WHAT YOU WILL DO: Repeat the records below exactly from the line containing "Freeform Faceted Semi Black Opal 6.25 Carats" to the line containing "This is an example", taking in both of those lines. Drop the pictures.

AVAILABLE DATA:
════════════════════

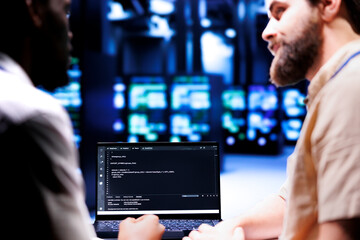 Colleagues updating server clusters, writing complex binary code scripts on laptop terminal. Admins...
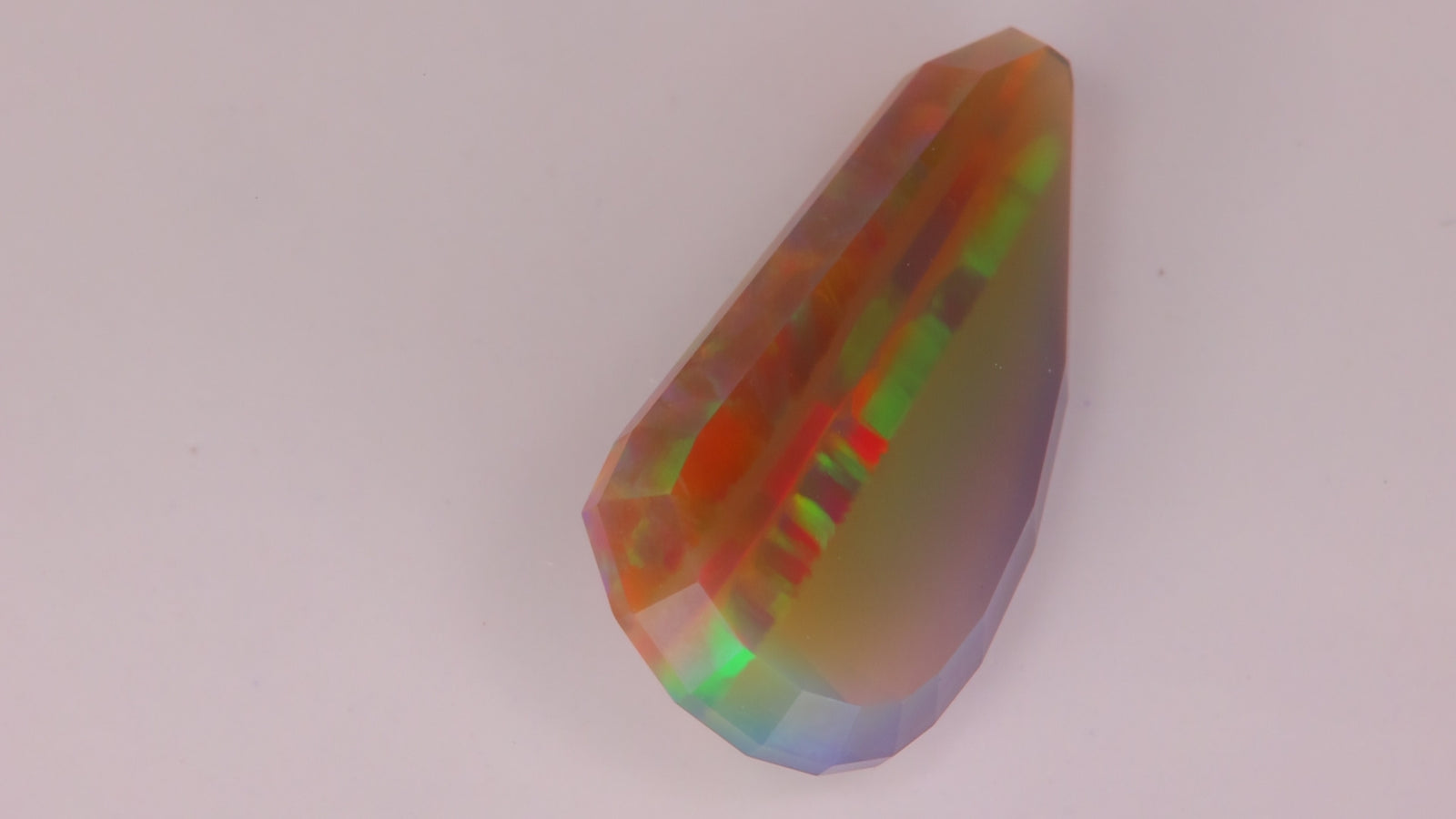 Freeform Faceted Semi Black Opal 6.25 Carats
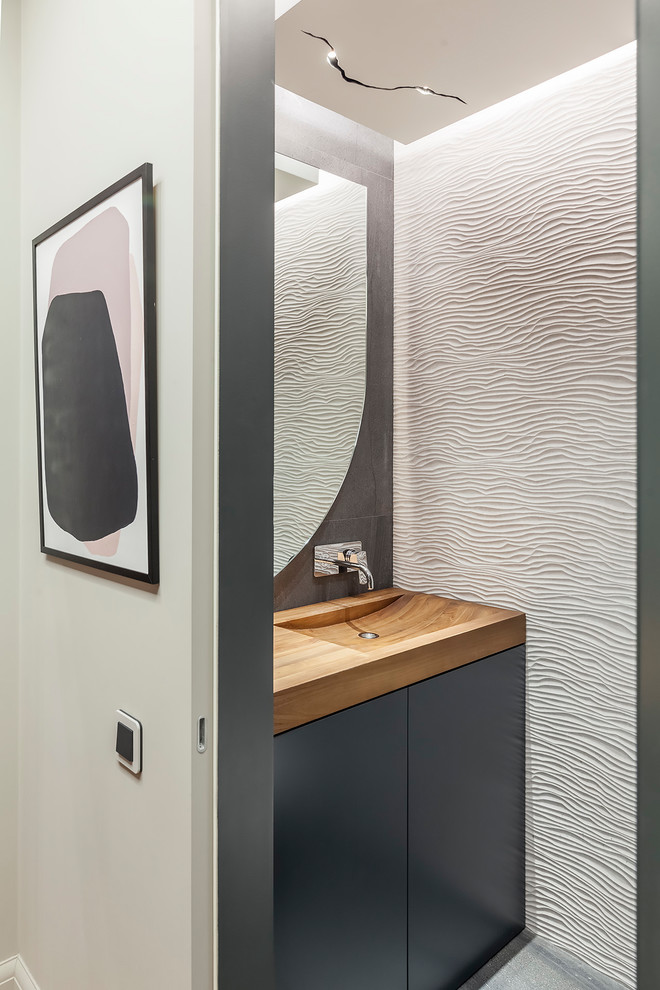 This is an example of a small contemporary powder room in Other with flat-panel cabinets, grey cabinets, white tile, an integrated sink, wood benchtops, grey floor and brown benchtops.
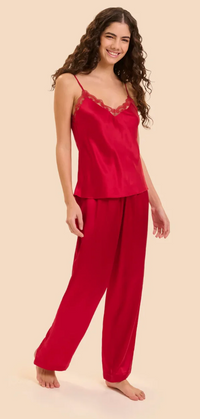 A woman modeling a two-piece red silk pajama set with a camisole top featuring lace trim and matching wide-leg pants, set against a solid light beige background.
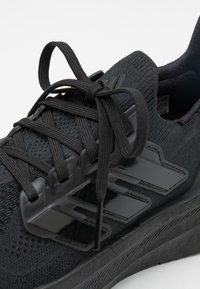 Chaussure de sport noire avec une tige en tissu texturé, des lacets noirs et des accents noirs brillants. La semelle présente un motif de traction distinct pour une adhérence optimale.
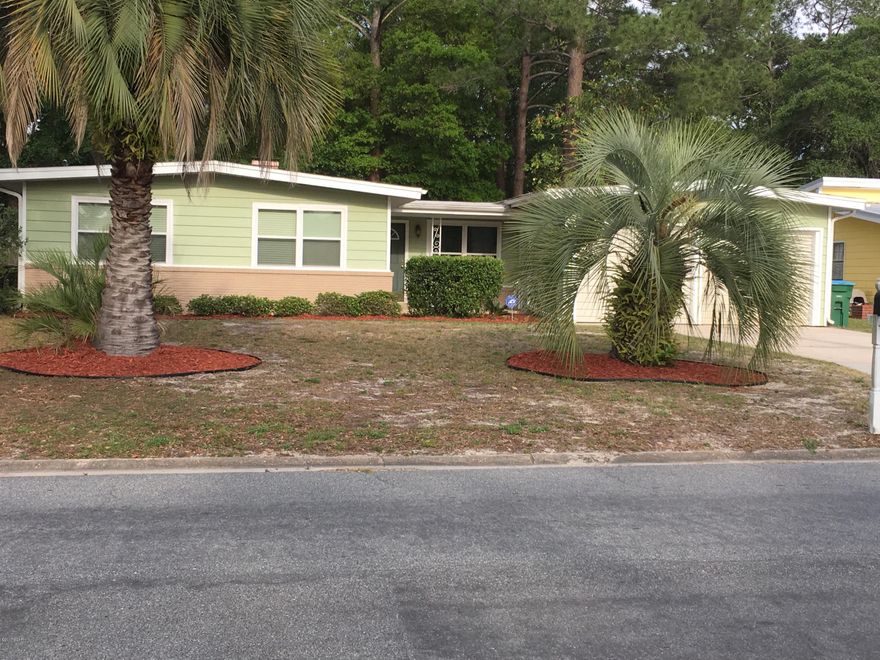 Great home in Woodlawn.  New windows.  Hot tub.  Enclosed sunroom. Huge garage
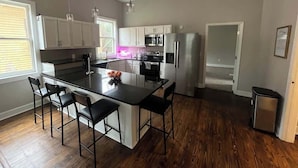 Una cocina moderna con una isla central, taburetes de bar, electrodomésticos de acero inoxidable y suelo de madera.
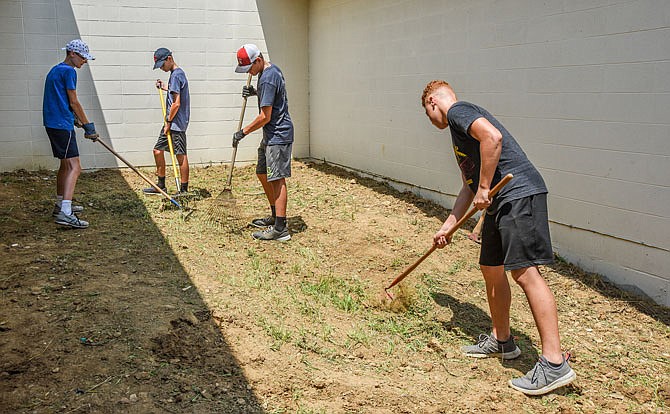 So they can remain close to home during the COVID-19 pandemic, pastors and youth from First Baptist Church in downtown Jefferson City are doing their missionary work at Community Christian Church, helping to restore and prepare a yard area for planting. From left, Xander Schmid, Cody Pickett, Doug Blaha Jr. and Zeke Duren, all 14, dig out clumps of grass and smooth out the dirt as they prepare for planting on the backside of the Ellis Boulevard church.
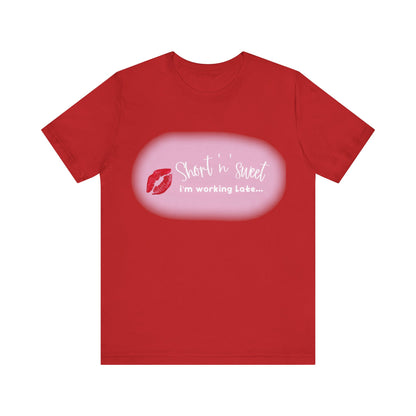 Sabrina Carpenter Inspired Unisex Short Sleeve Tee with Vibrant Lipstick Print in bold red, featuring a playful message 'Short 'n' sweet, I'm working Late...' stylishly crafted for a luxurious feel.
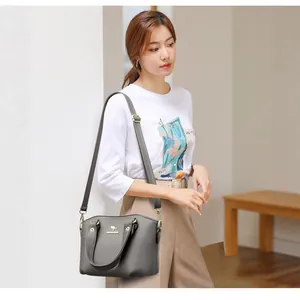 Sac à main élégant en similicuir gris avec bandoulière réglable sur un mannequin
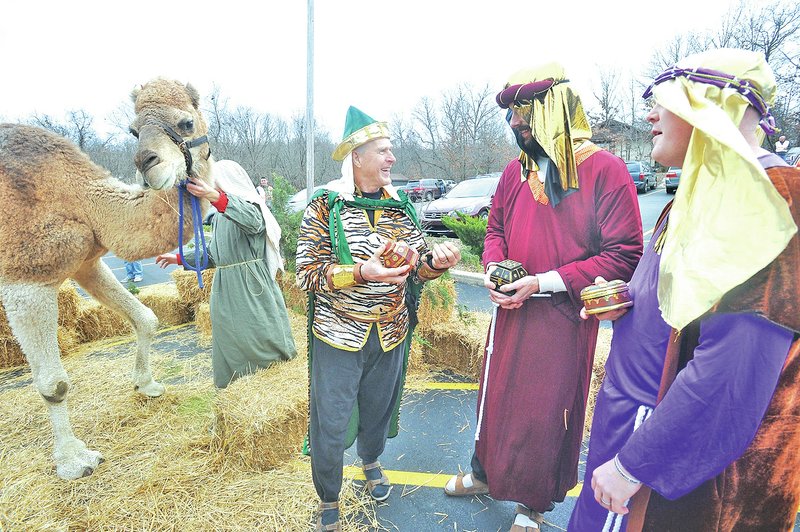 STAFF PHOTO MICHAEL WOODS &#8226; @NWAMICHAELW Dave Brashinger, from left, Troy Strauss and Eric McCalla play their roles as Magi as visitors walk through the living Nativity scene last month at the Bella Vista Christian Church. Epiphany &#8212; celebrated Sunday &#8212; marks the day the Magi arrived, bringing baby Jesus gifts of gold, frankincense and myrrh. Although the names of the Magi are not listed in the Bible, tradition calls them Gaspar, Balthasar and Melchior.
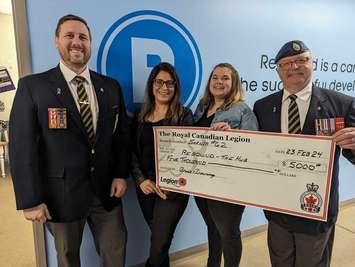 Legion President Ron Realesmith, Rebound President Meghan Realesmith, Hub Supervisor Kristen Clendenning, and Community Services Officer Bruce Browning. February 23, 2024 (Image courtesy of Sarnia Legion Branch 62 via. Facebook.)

════════════════════

COMPLETED EXERCISE:
 Freeform Faceted Semi Black Opal 6.25 Carats
 This is an example of a small contemporary powder room in Other with flat-panel cabinets, grey cabinets, white tile, an integrated sink, wood benchtops, grey floor and brown benchtops.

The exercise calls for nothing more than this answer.